PROBLEM TO SOLVE
Below are the records; give the number of lines in them that include the word "PERFORMANCE", and nothing more.

Collected data entries
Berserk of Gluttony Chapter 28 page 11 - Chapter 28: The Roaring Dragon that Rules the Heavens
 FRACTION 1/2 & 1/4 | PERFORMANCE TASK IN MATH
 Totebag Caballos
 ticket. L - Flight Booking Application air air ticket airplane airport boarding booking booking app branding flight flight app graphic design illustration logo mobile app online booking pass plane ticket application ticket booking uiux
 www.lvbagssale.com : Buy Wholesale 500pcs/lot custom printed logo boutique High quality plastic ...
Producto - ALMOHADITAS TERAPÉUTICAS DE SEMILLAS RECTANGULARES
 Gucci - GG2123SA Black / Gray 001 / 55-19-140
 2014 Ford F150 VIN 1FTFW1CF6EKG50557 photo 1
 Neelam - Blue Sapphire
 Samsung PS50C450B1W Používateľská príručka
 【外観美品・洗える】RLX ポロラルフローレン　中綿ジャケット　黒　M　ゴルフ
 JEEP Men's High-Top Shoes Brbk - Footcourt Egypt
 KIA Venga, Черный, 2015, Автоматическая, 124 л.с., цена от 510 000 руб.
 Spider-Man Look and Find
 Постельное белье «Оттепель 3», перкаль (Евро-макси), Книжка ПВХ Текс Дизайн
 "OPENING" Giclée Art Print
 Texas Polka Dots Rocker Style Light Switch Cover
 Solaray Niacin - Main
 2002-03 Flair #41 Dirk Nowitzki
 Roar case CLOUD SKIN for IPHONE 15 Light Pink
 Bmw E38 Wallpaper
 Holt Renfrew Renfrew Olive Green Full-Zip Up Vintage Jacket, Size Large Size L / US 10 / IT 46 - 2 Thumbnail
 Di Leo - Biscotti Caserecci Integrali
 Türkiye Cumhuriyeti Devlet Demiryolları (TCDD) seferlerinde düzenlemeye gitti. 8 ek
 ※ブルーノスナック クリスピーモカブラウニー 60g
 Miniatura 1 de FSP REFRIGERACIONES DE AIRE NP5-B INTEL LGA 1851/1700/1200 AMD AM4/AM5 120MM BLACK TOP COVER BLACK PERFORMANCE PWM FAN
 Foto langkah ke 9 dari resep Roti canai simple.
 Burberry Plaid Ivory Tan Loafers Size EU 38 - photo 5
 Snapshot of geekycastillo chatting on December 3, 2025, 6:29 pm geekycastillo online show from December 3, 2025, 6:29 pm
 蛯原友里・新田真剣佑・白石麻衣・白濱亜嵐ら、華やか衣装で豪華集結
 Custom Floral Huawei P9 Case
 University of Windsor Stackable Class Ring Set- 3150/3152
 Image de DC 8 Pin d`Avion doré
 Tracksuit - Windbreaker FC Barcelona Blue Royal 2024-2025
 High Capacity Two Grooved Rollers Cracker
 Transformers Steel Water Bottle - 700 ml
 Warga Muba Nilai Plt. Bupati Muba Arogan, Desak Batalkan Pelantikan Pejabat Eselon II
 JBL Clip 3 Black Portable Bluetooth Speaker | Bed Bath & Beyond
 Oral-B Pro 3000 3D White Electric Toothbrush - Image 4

ANSWER TO THIS EXERCISE
2